> [TASK OBJECTIVE] Word for word, quote the lines from the one containing "Mua Mercedes Benz" to the end of the entries below, including both. Leave pictures out.

#### INPUT DATA ####

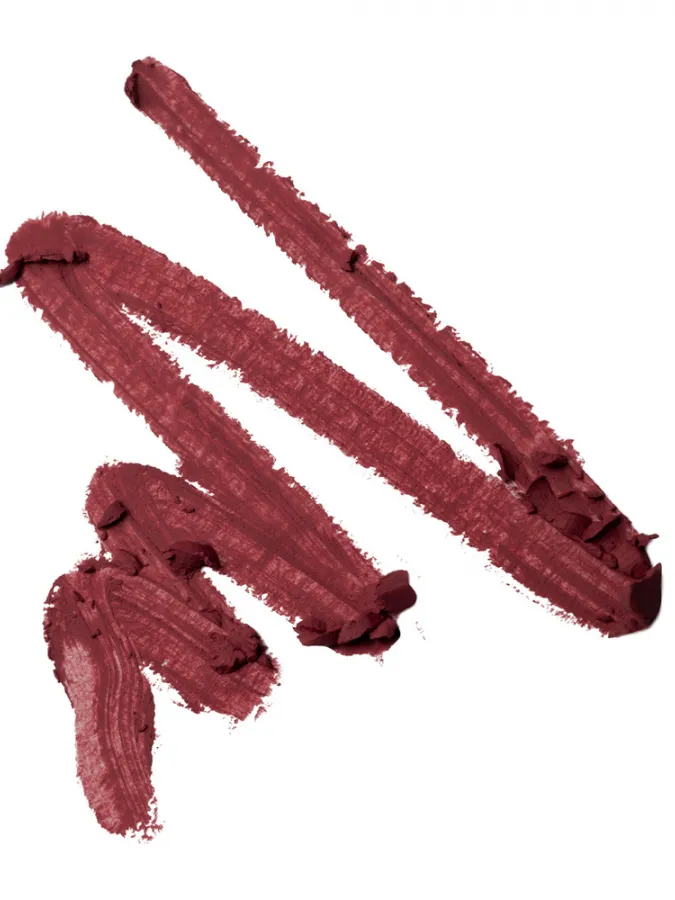 Mon Reve Infiniliner Gel Lip Pencil - Αδιάβροχο Μηχανικό Μολύβι Χειλιών 1.2gr – #05 Baked Apple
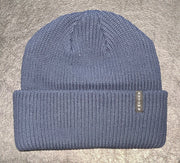 Autumn - Select Beanie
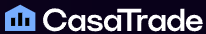 Coupon codes Casa Trade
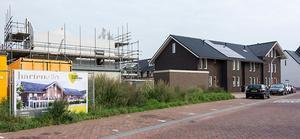beeld ANP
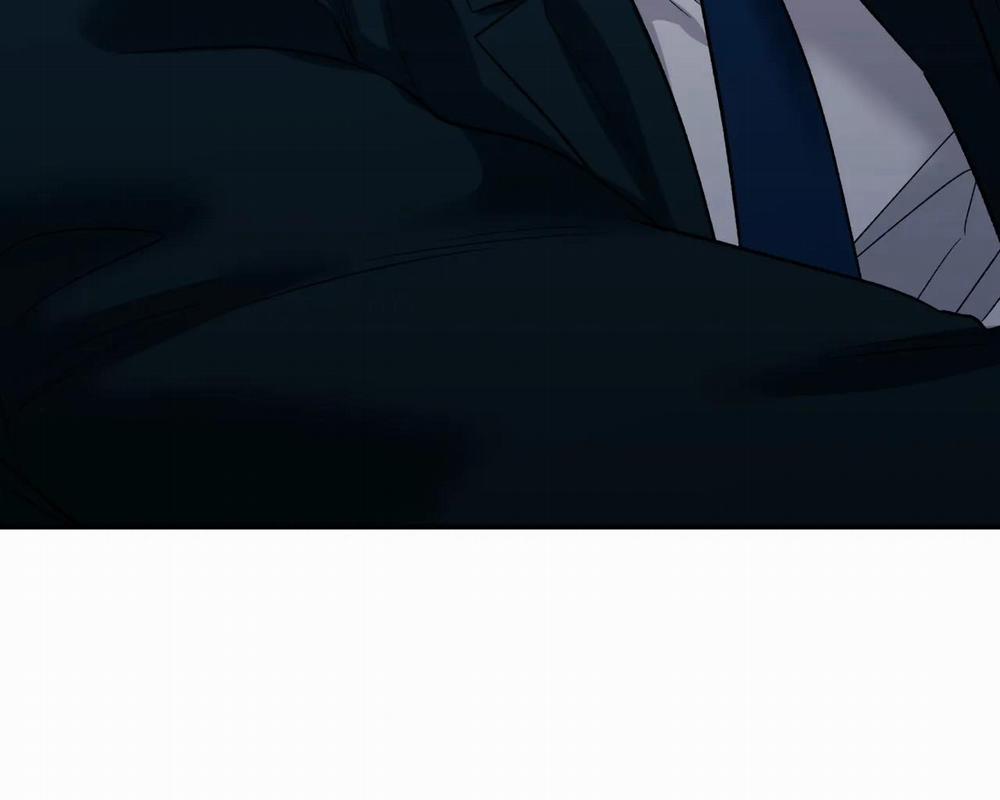 Ám Ảnh Pheromone 31 trang 40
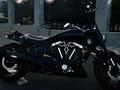 Yamaha  XV 1700 Warrior 2005 года за 5 500 000 тг. в Астана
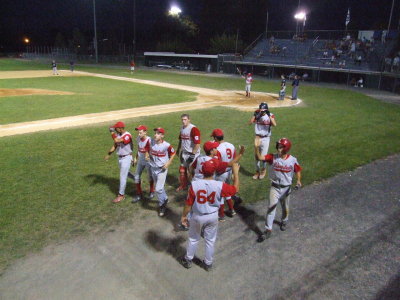 2006_0805LL-East-Regional0121.JPG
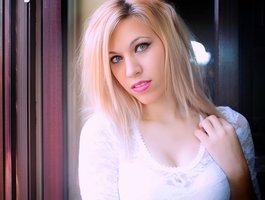 Mya13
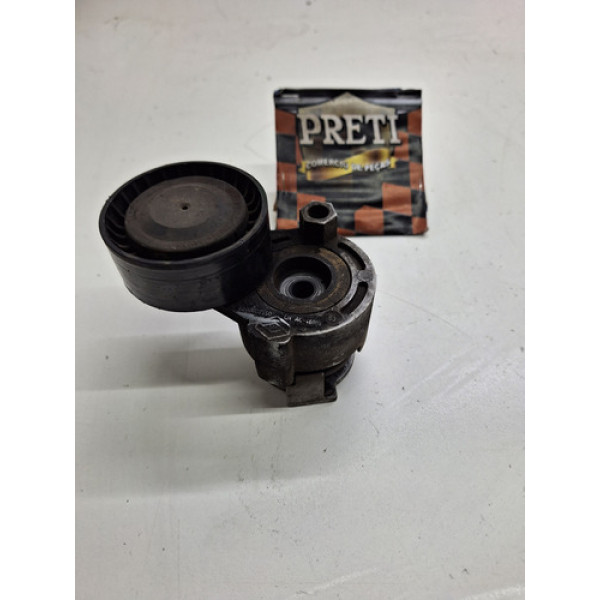 Tensor Correia Dentada Nissan Livina 1.6 16v 2009 / 2010 
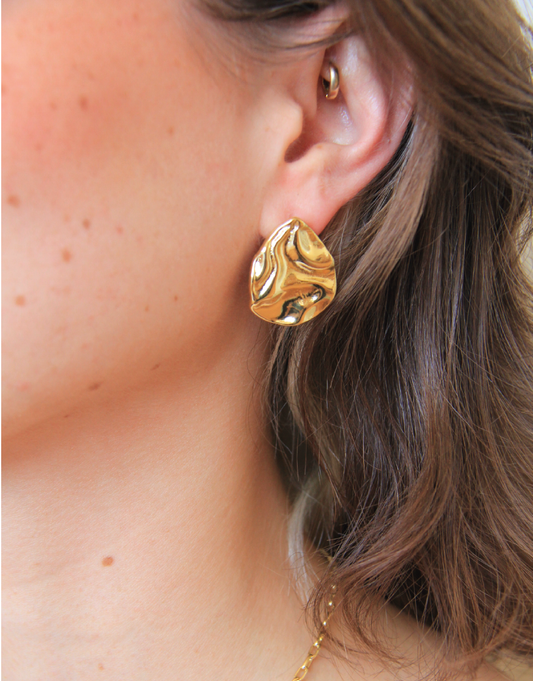 Aros Gouttes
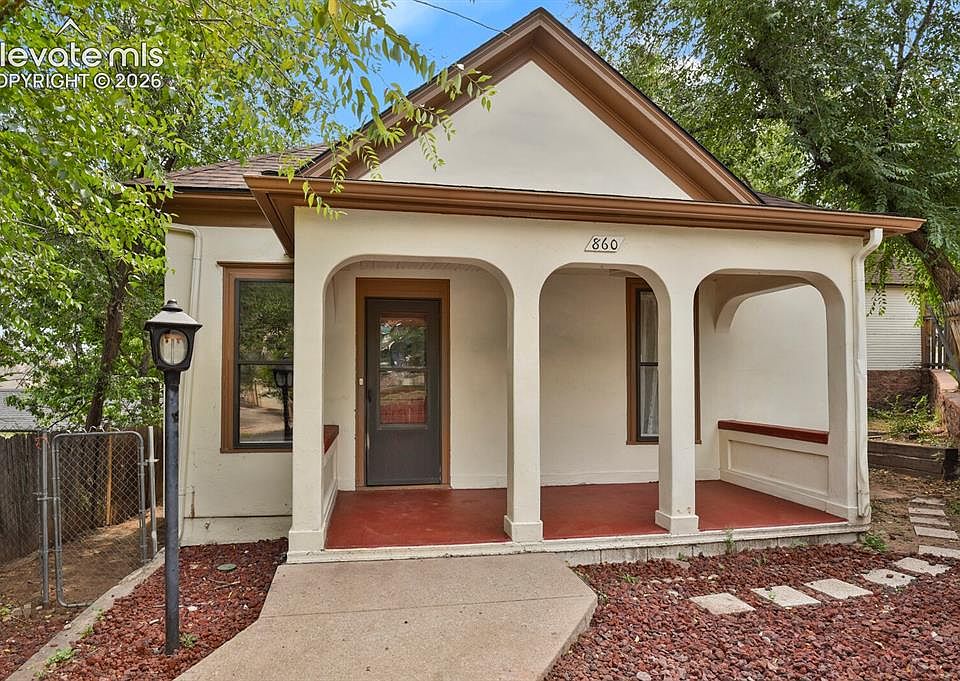 1st image of 860 Prospect Pl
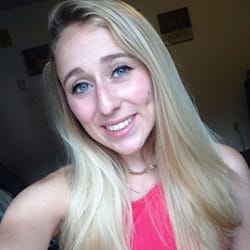 ellie_payne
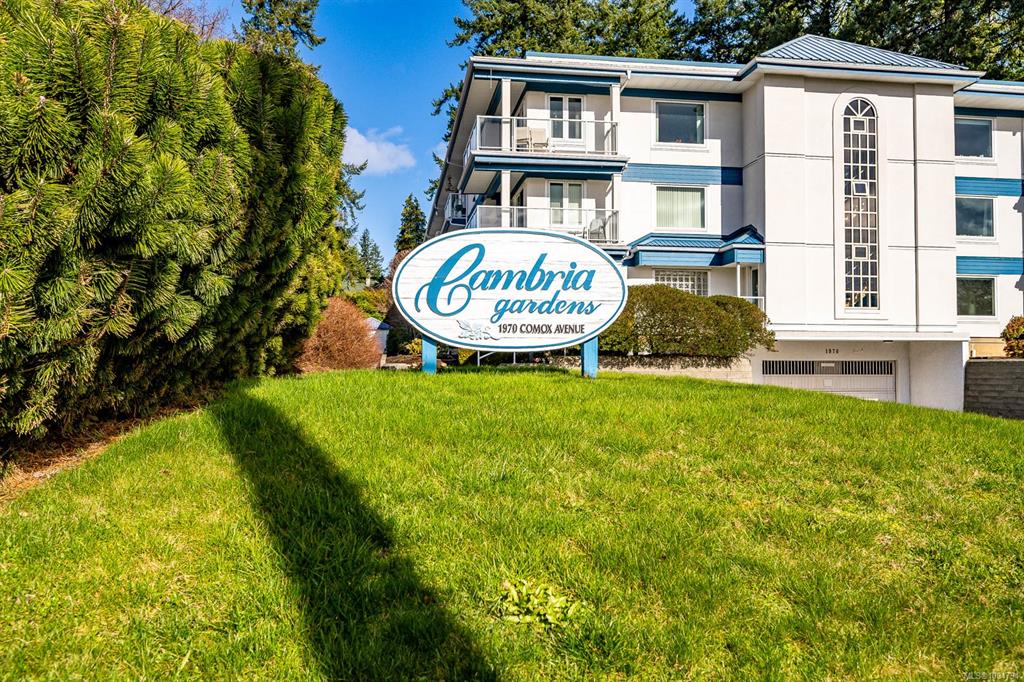 1970 Comox Ave, 1004794, BC,
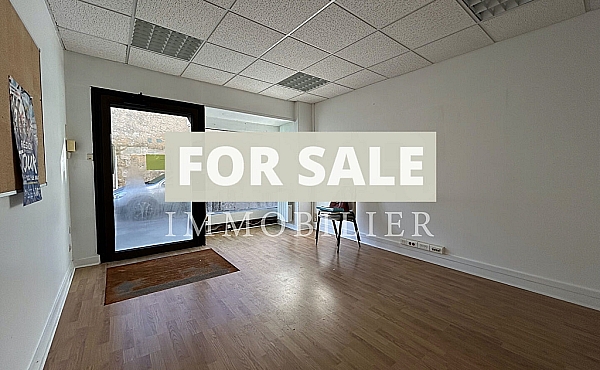 Property_For_Sale_in_France-with_Cle_France_Join_our_mailing_List_DJV05529_b
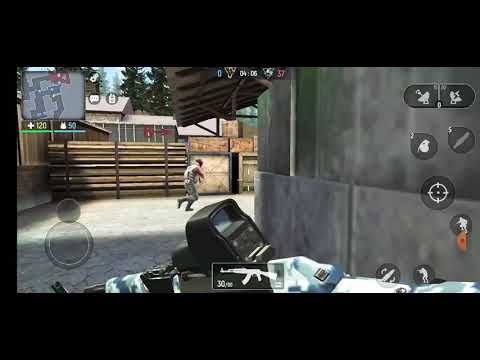 ახალი ვიდეო modern ops-ზე იმედია  დაალაიქებთ დააკომენტარებთ თუ რა თამაში გადავიღო და გამოიწერთ არხს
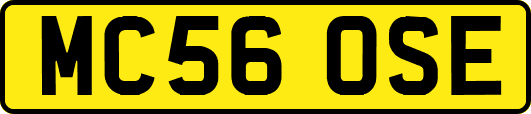 MC56OSE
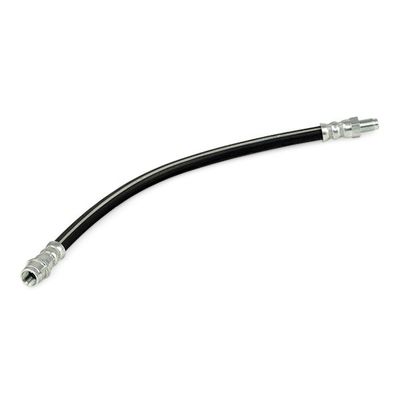 Mua Mercedes Benz 1634201348 Phân bộ khung gầm ống phanh online manufacture
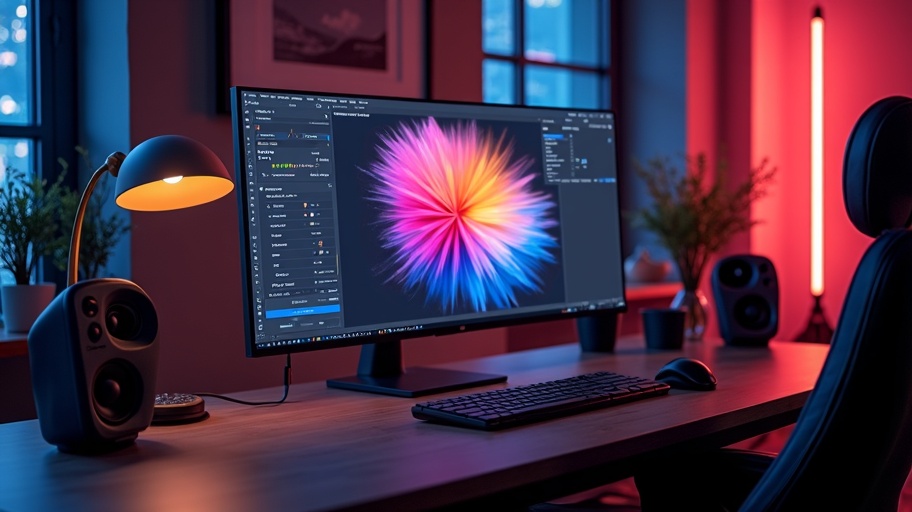 Adobe - Solution Partner do GRUPO JB para governo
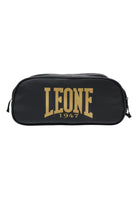 ACCESSORI LIFESTYLE Nero/oro Leone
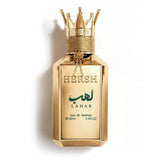 Hersh Lahab Al Ezz – Eau de Parfum 100 ML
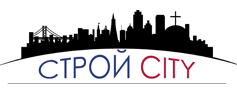ООО Компания "СтройСити" - Город Иркутск logo (7).png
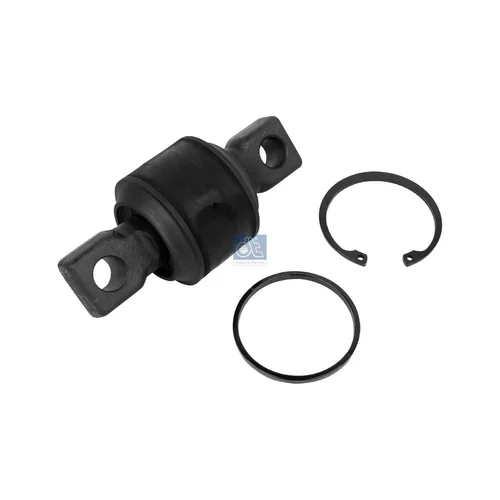 Sada na opravu riadenia DT Spare Parts 7.91050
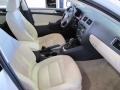 Candy White - Jetta SE Sedan Photo No. 10
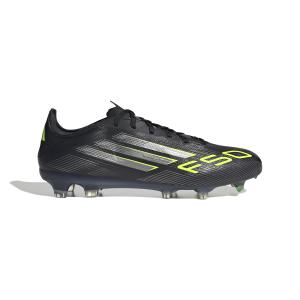 jh7687-football-boots-adidas-f50-pro-fg-cblack-ironmt-luclem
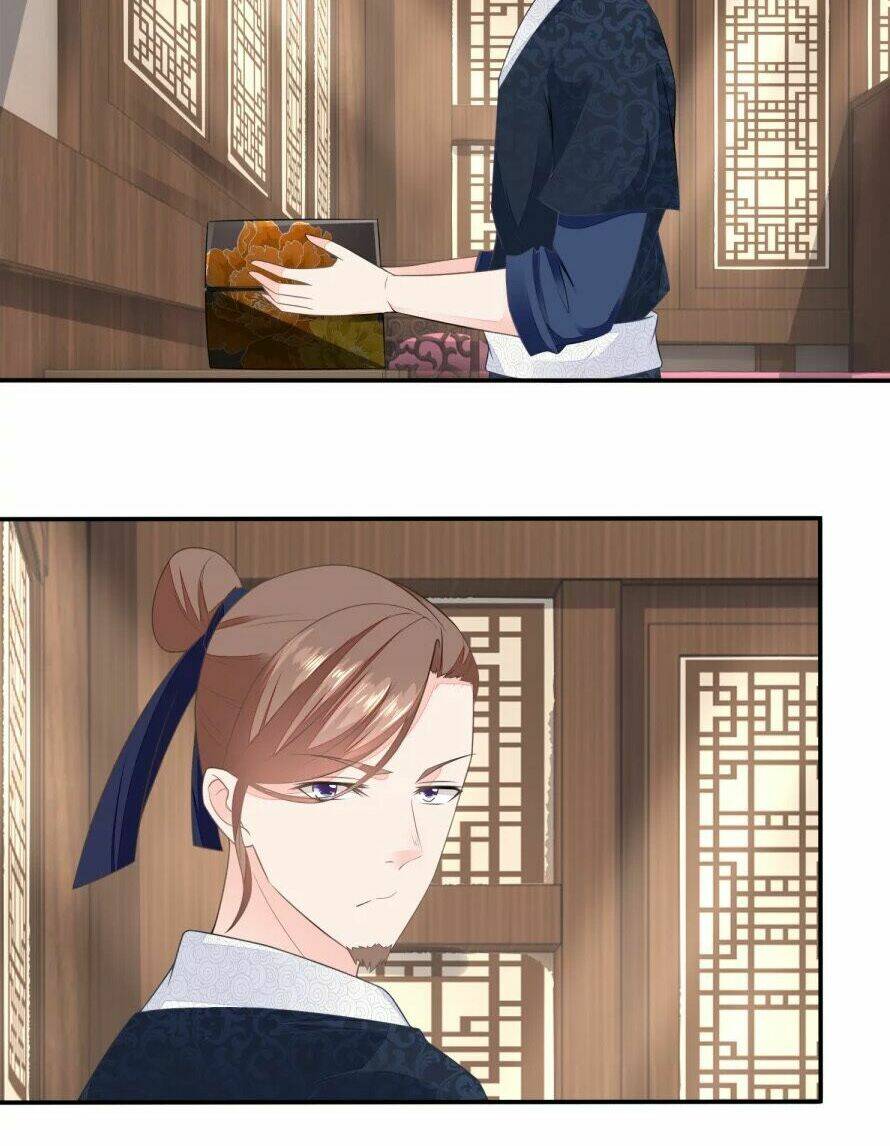 page_13.jpg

####

> [RESPONSE TO THIS TASK]
 Mua Mercedes Benz 1634201348 Phân bộ khung gầm ống phanh online manufacture
 Adobe - Solution Partner do GRUPO JB para governo
 ACCESSORI LIFESTYLE Nero/oro Leone
 Hersh Lahab Al Ezz – Eau de Parfum 100 ML
ООО Компания "СтройСити" - Город Иркутск logo (7).png
 Sada na opravu riadenia DT Spare Parts 7.91050
 Candy White - Jetta SE Sedan Photo No. 10
 jh7687-football-boots-adidas-f50-pro-fg-cblack-ironmt-luclem
 page_13.jpg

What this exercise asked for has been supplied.